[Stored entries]
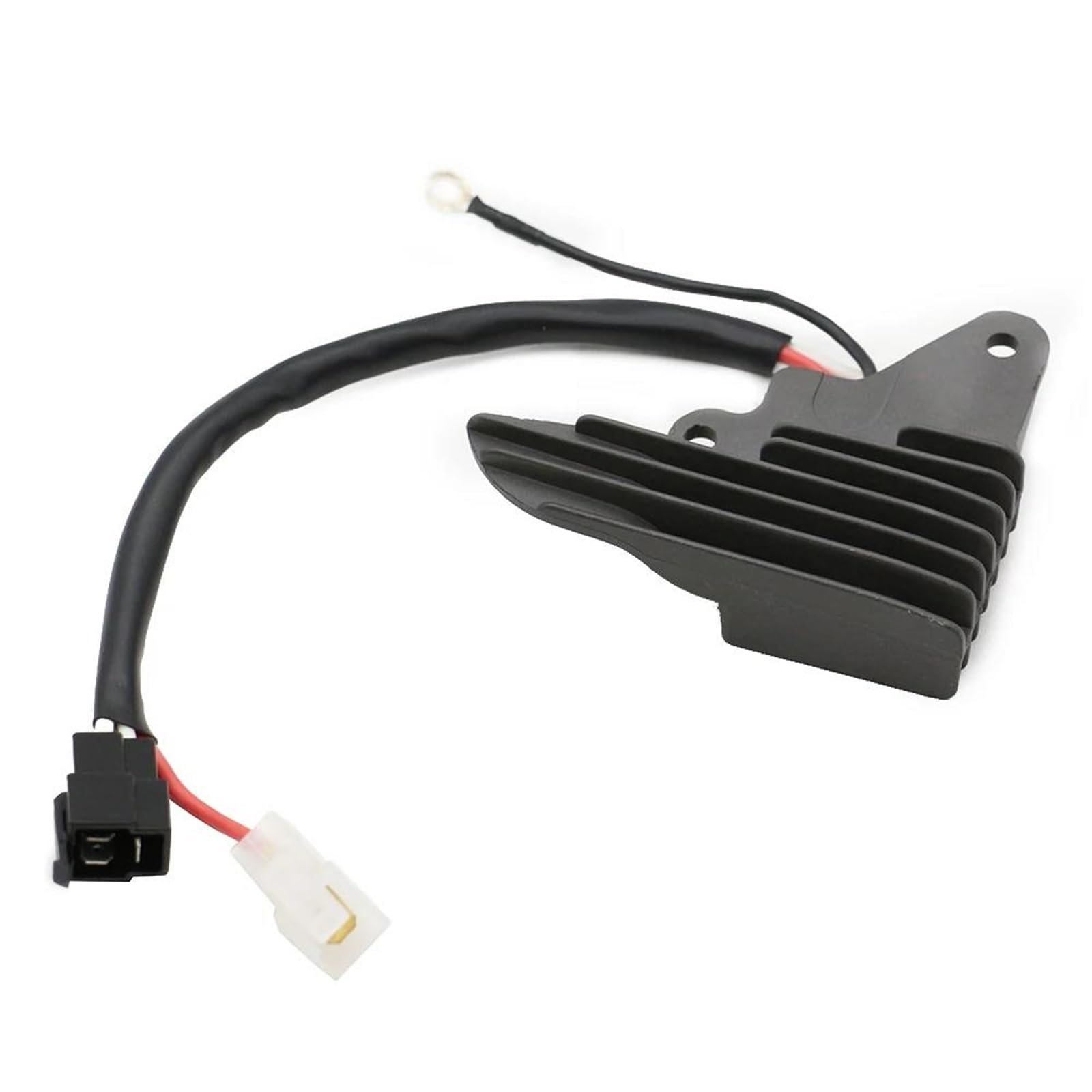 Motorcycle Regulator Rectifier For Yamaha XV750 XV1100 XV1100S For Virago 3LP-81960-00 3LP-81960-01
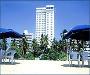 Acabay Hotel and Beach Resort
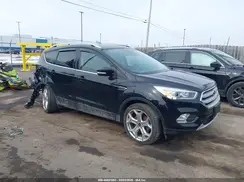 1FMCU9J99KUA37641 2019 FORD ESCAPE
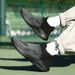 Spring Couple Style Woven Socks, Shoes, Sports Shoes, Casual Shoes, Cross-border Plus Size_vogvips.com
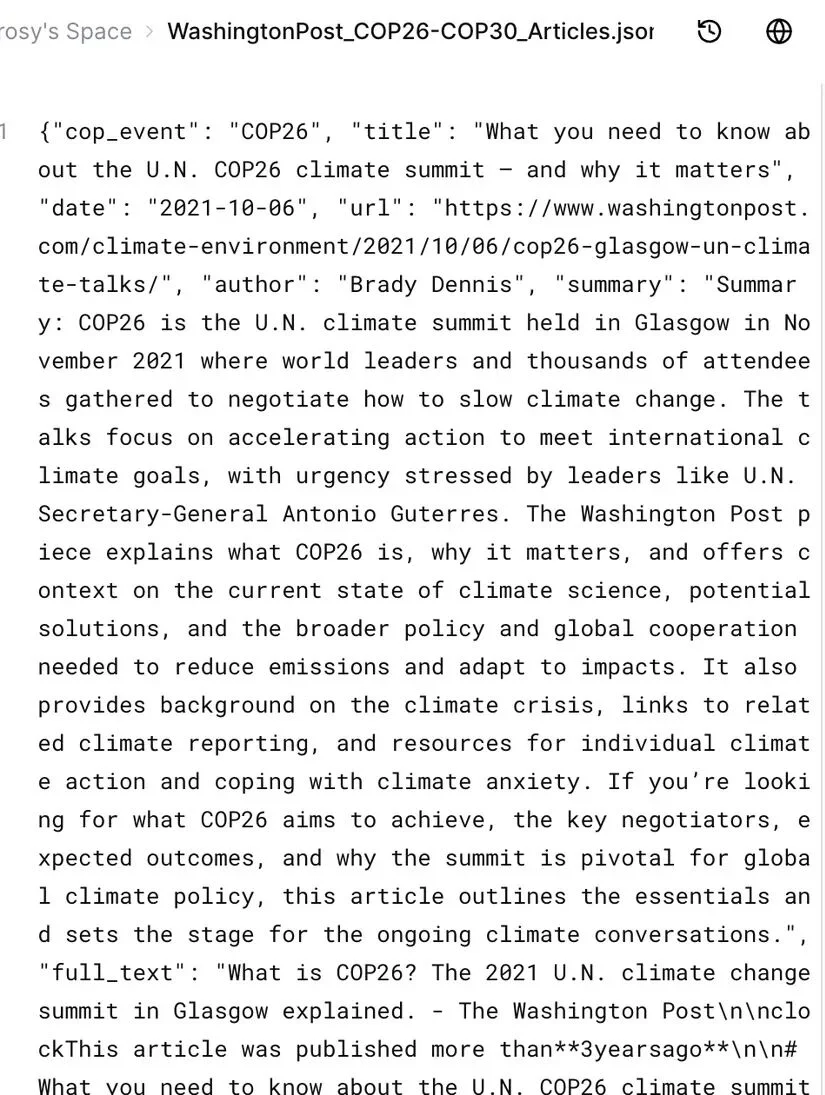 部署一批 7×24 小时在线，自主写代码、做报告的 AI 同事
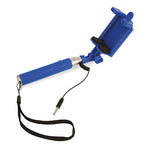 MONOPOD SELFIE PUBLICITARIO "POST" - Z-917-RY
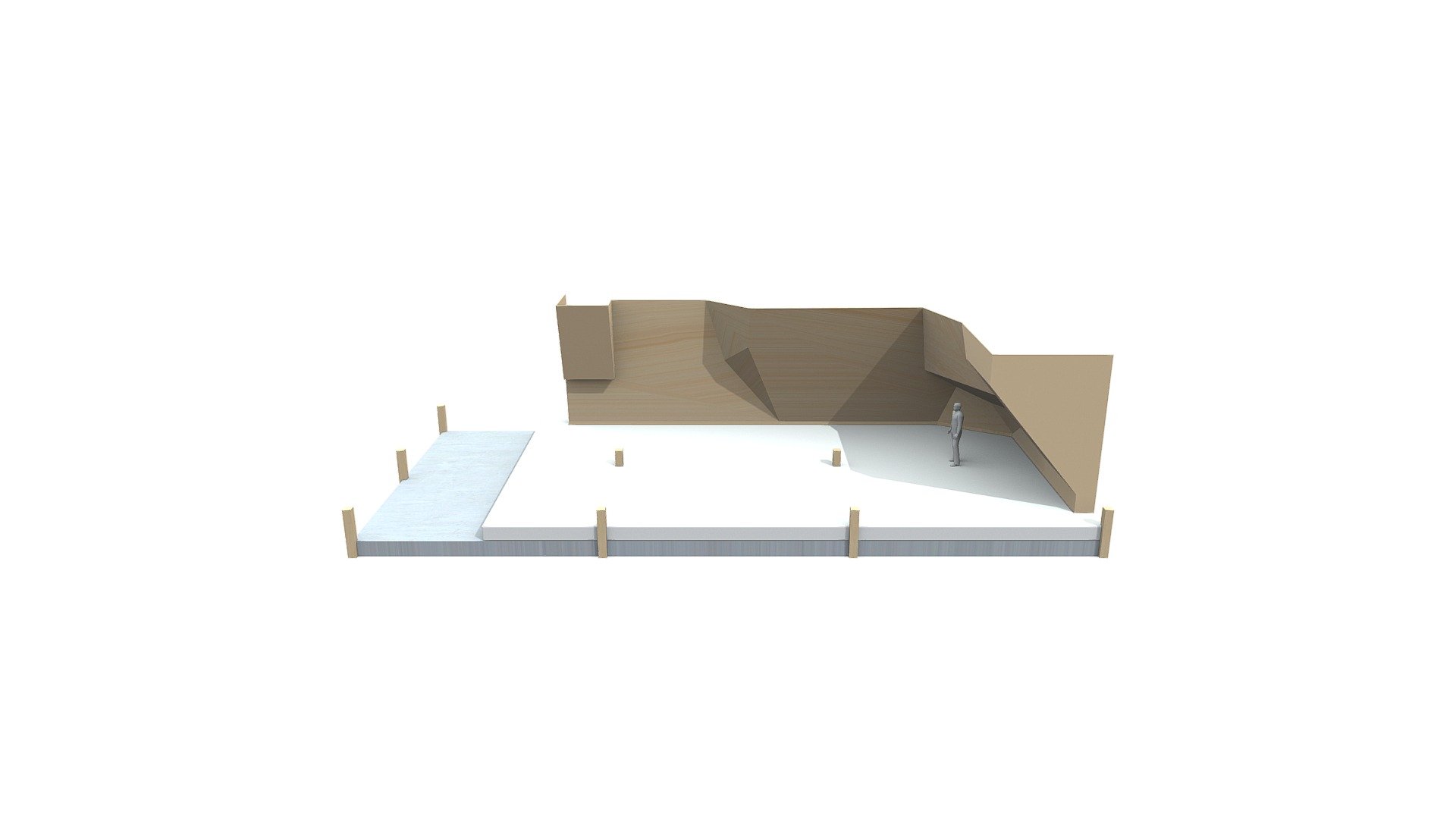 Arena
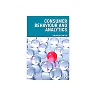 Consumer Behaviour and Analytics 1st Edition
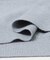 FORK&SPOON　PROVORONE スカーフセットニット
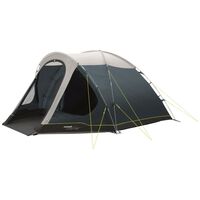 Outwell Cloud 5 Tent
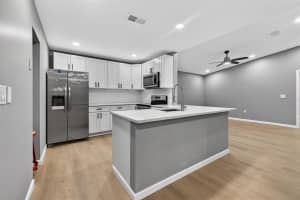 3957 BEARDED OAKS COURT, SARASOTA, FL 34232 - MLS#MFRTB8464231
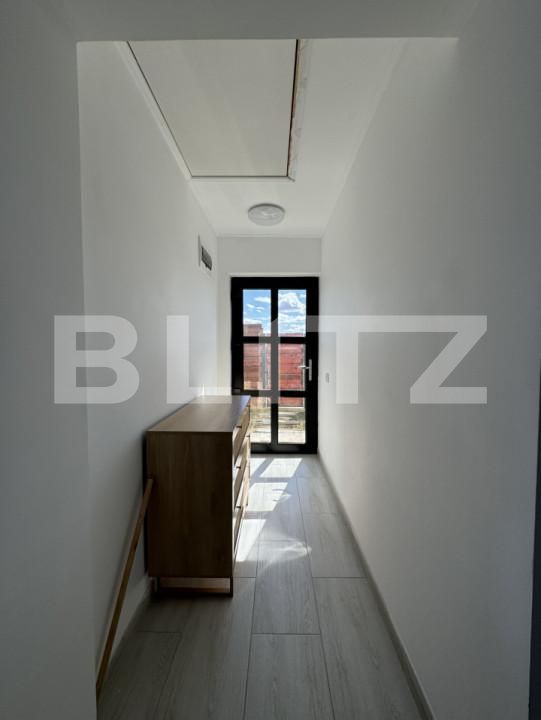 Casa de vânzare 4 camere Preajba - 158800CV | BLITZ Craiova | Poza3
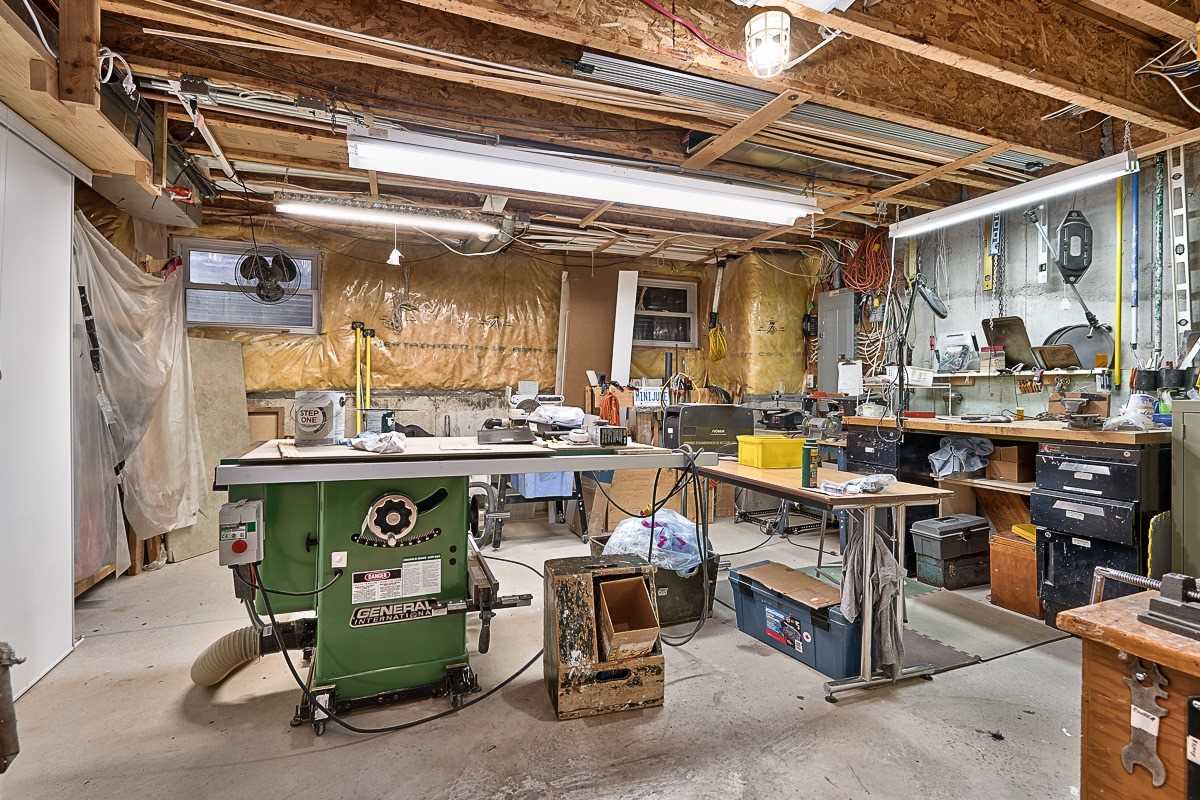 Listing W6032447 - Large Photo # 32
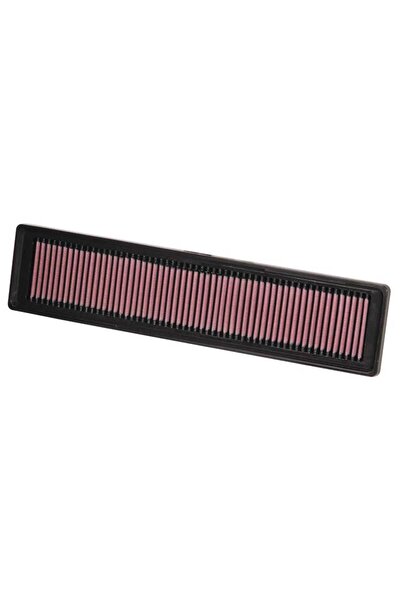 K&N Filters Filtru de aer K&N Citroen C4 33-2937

→ Exercise details
An exact restatement is expected of the lines from the line containing "1FMCU9J99KUA37641 2019 FORD ESCAPE" to the end of the data above, pictures excluded.

→ Solution to this task
 1FMCU9J99KUA37641 2019 FORD ESCAPE
 Spring Couple Style Woven Socks, Shoes, Sports Shoes, Casual Shoes, Cross-border Plus Size_vogvips.com
 部署一批 7×24 小时在线，自主写代码、做报告的 AI 同事
 MONOPOD SELFIE PUBLICITARIO "POST" - Z-917-RY
 Arena
 Consumer Behaviour and Analytics 1st Edition
 FORK&SPOON　PROVORONE スカーフセットニット
 Outwell Cloud 5 Tent
 3957 BEARDED OAKS COURT, SARASOTA, FL 34232 - MLS#MFRTB8464231
 Casa de vânzare 4 camere Preajba - 158800CV | BLITZ Craiova | Poza3
 Listing W6032447 - Large Photo # 32
 K&N Filters Filtru de aer K&N Citroen C4 33-2937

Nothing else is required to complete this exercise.